• _Work instruction_: Your task is to restate word for word the lines in the material below, from the one with "J & P Coats" up to and including the one with "考勤汇总表格.docx_第1页". Do not carry over the pictures.

╭─ Material for this task

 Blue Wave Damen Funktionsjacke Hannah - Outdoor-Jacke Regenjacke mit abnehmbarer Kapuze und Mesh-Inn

╰─
╭─ Material for this task

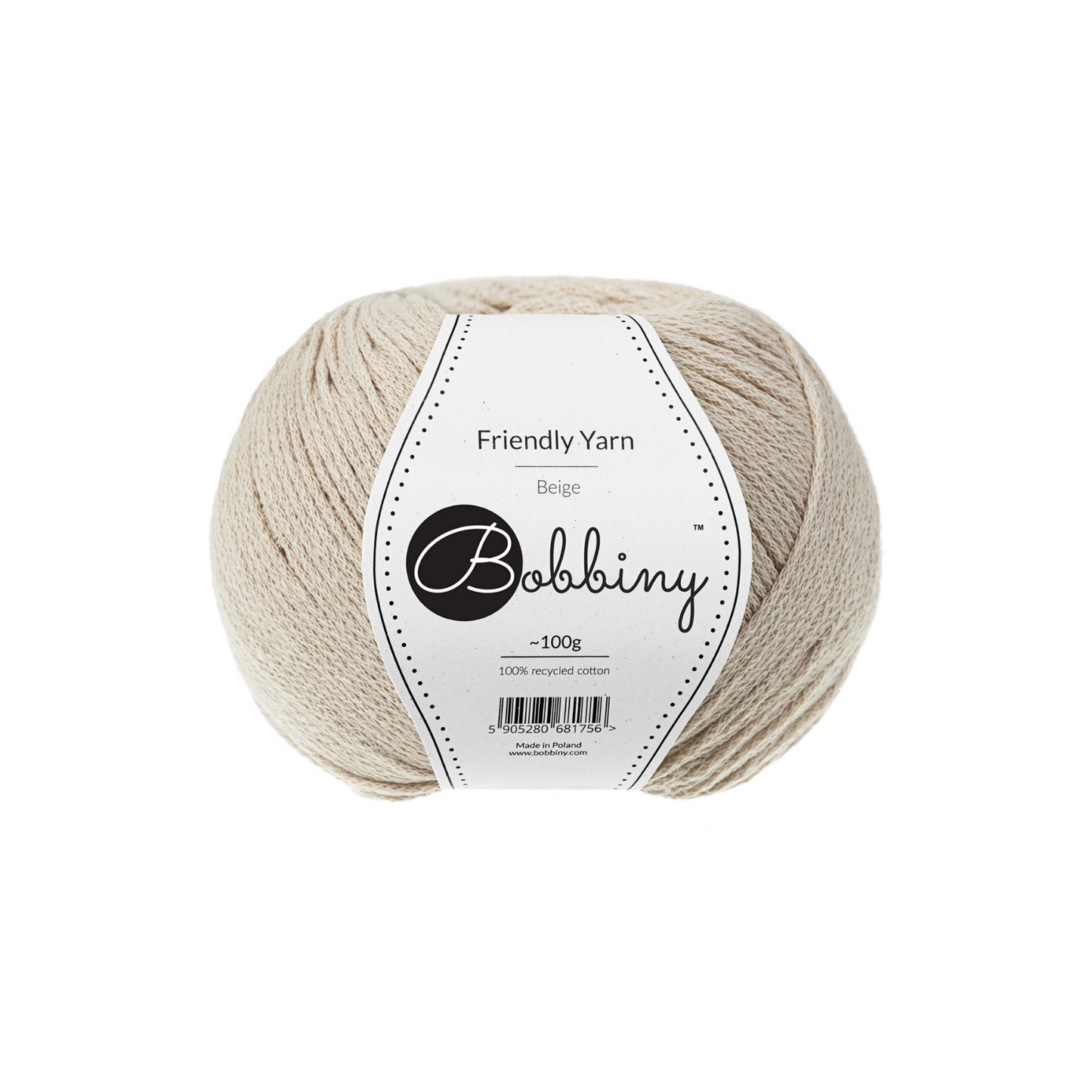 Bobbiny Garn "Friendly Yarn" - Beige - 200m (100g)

╰─
╭─ Material for this task

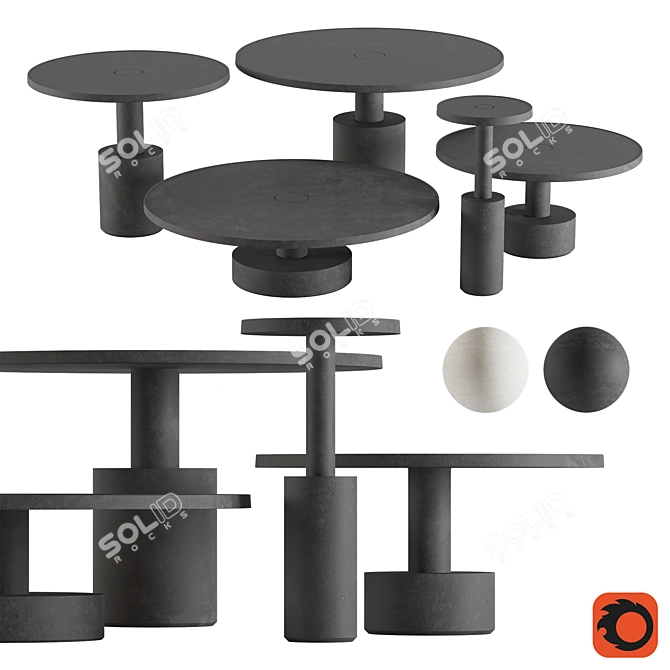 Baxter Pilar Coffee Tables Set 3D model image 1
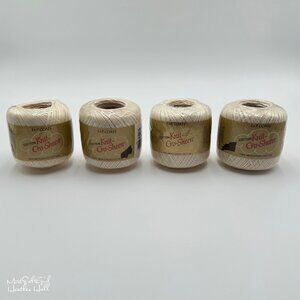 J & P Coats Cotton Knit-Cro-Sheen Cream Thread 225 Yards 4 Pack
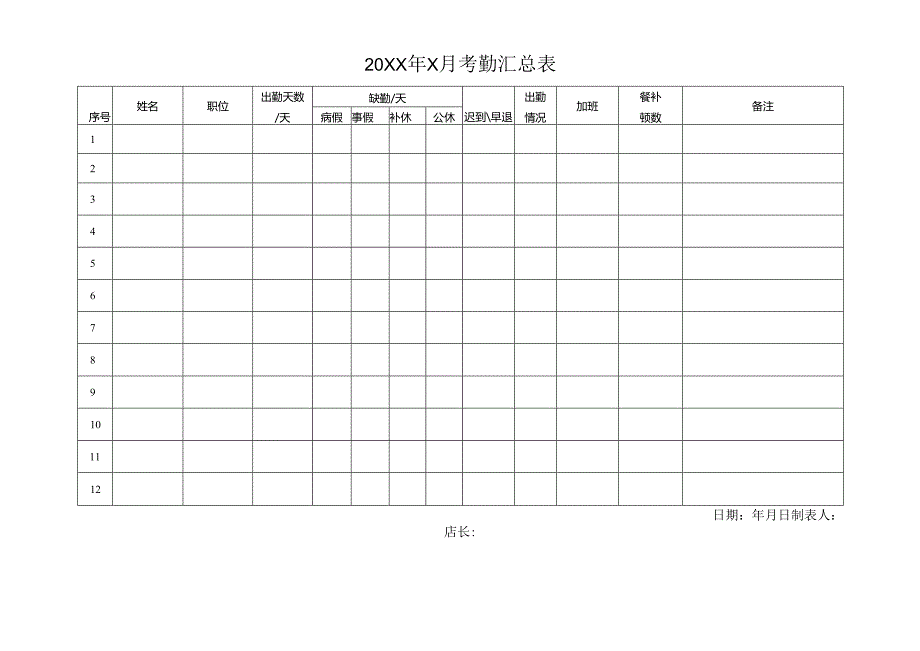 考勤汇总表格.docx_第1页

╰─

• _Answer to this exercise_:
 J & P Coats Cotton Knit-Cro-Sheen Cream Thread 225 Yards 4 Pack
 考勤汇总表格.docx_第1页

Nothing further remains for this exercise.